Brief descriptive captions:
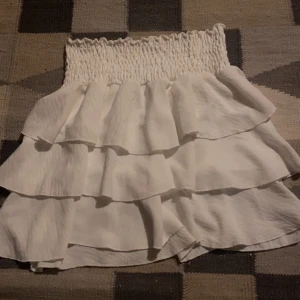 Vit volang kjol  - Vit volang kjol ifrån Grekland som är aldrig används. Materialet är väldigt stretchigt vid magen så den är one size <3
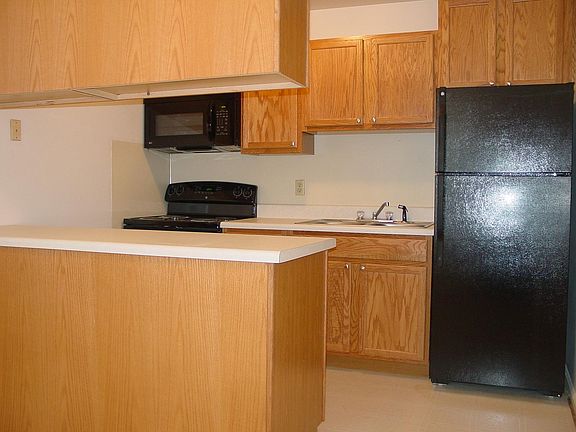 5th image of 311 Ballard St #7A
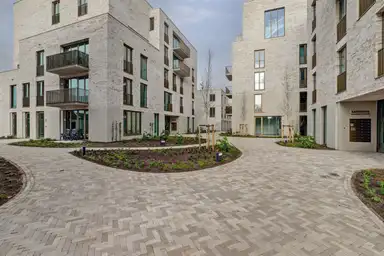 124m2 house à louer pour 2229€/mois à Weurtseweg 17, Nijmegen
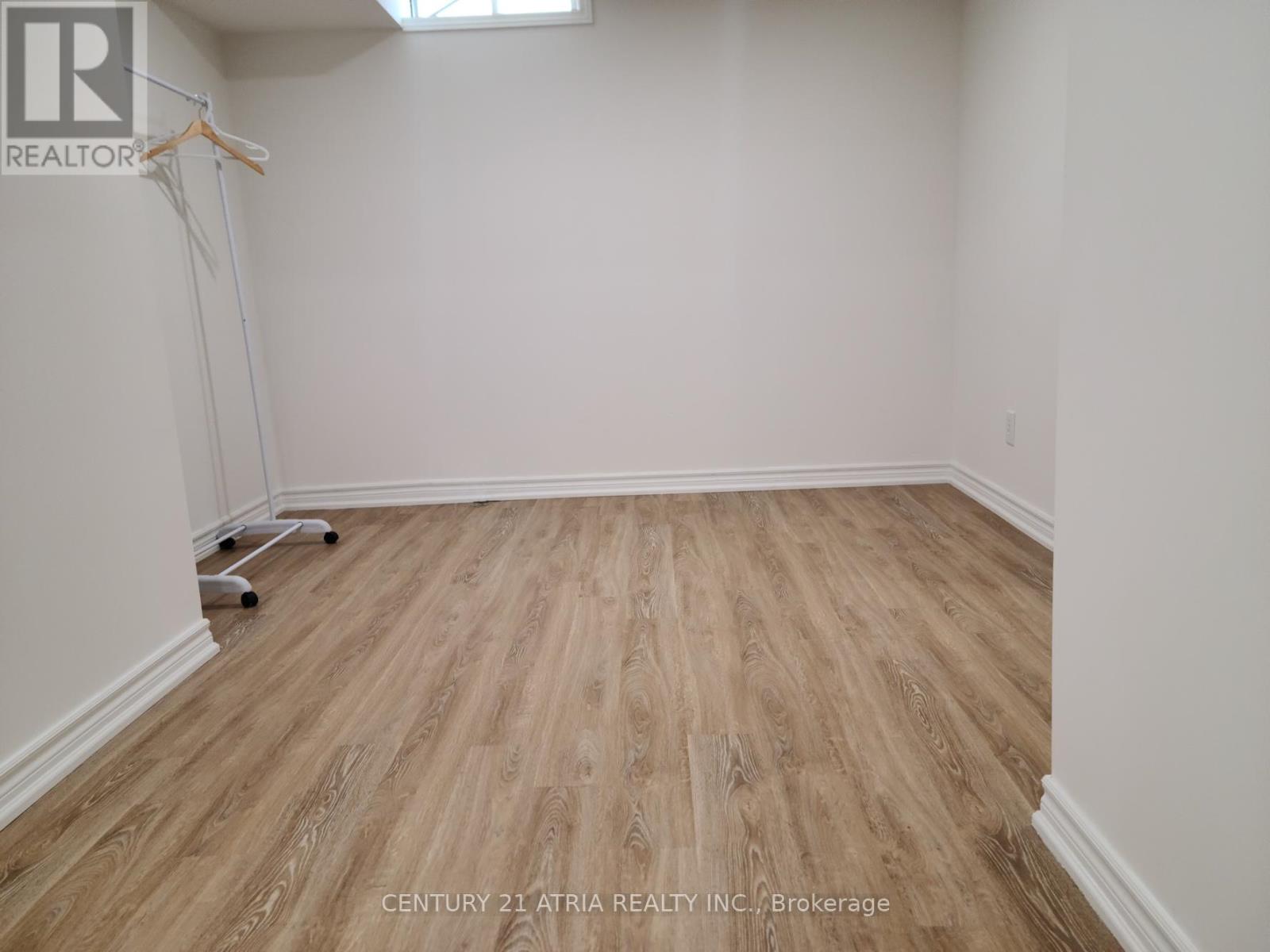 102 Woodroof Crescent, Aurora, Ontario  L4G 7H3 - Photo 42 - N12782414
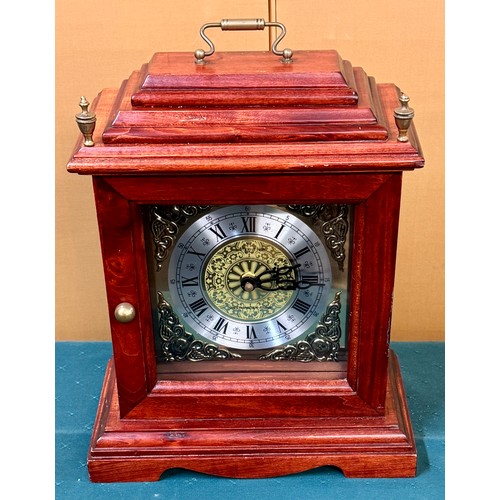 330 - A WOOD & SONS WESTMINSTER CHIME MANTEL CLOCK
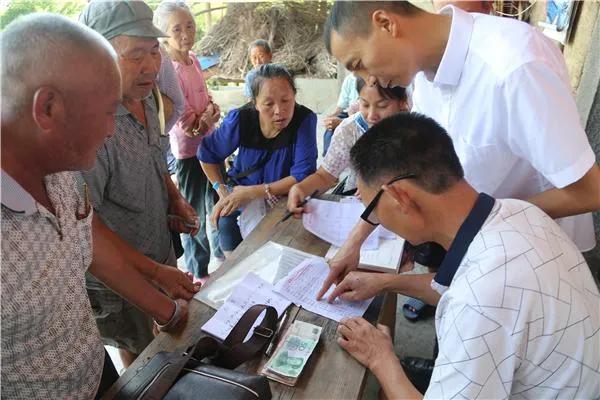 农村补贴不是户主一卡通可以领吗,农民补贴一卡通政策哪年开始的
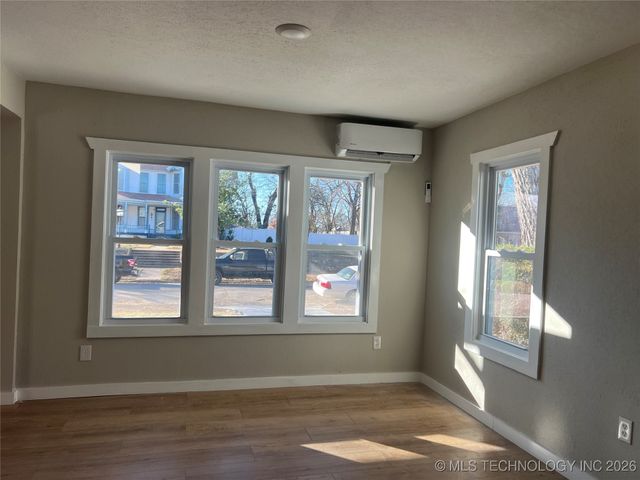 324 SW F, Ardmore, OK 73401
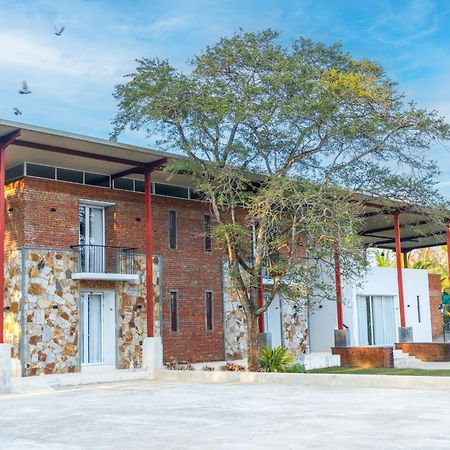 Hungili Farm & Eco Resort Maho Exterior photo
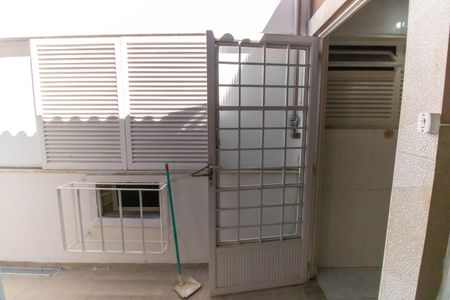 Casa à venda com 180m², 3 quartos e 1 vagaÁrea de Serviço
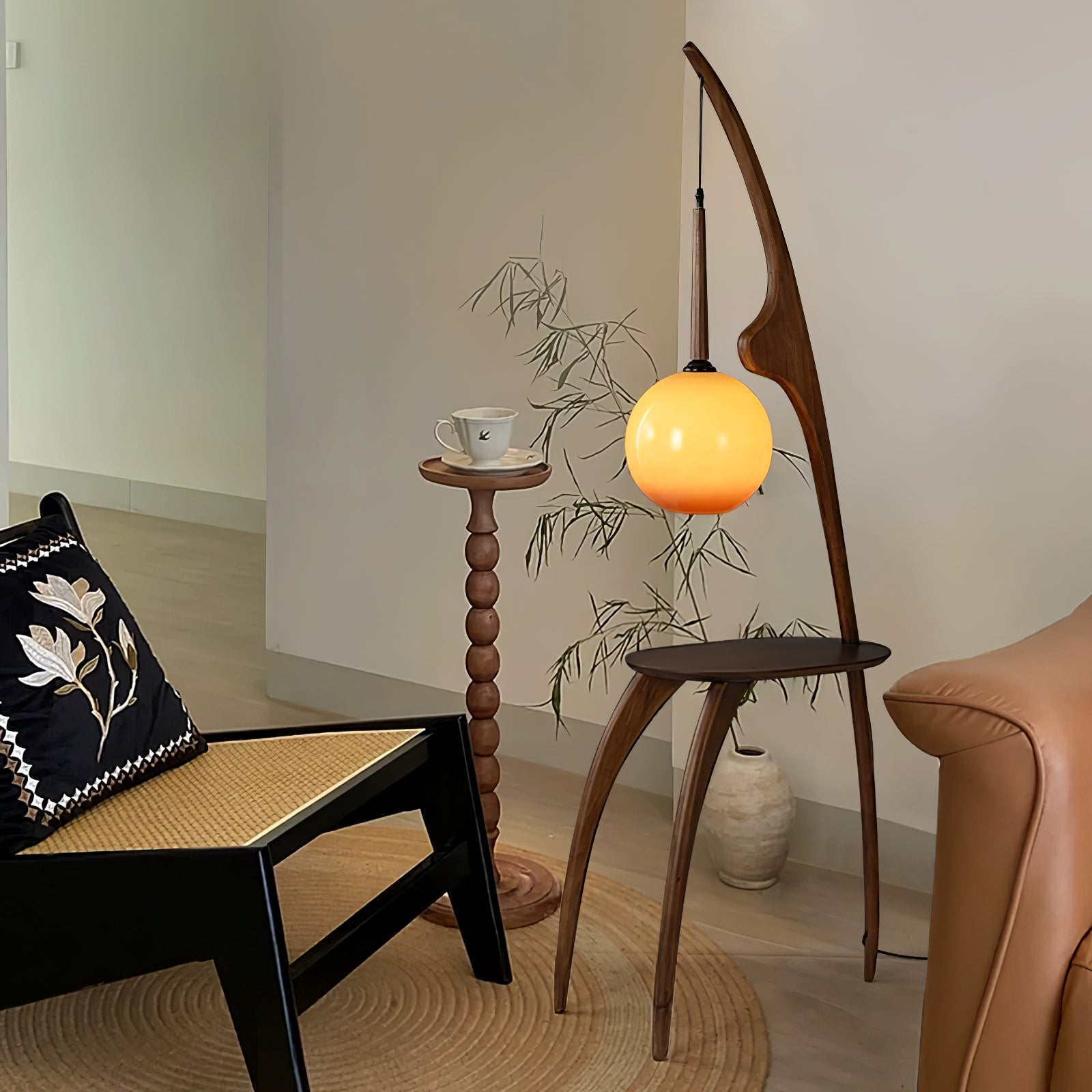 Curved Mantis Arm Floor Lamp - Blowlighting
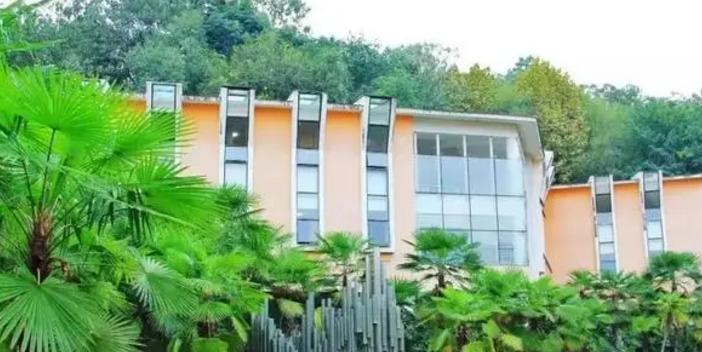 长沙学院是不是985大学？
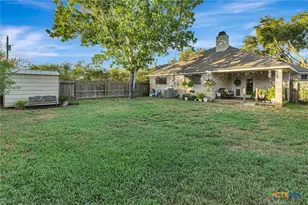 107 Windwood Ln, Victoria, TX 77904 - Photo 42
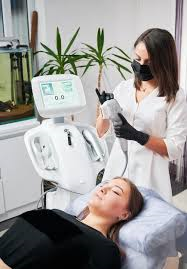 Fotografia de uma pessoa recebendo cuidados na pele do rosto em uma clínica de dermatologia estética.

Required action:
Please return, without any change, the lines from the line containing "5th image of 311 Ballard St #7A" through the last line of the entries, dropping the pictures.

Answer area:
 5th image of 311 Ballard St #7A
 124m2 house à louer pour 2229€/mois à Weurtseweg 17, Nijmegen
 102 Woodroof Crescent, Aurora, Ontario  L4G 7H3 - Photo 42 - N12782414
 330 - A WOOD & SONS WESTMINSTER CHIME MANTEL CLOCK
 农村补贴不是户主一卡通可以领吗,农民补贴一卡通政策哪年开始的
 324 SW F, Ardmore, OK 73401
 Hungili Farm & Eco Resort Maho Exterior photo
 Casa à venda com 180m², 3 quartos e 1 vagaÁrea de Serviço
 Curved Mantis Arm Floor Lamp - Blowlighting
 长沙学院是不是985大学？
 107 Windwood Ln, Victoria, TX 77904 - Photo 42
 Fotografia de uma pessoa recebendo cuidados na pele do rosto em uma clínica de dermatologia estética.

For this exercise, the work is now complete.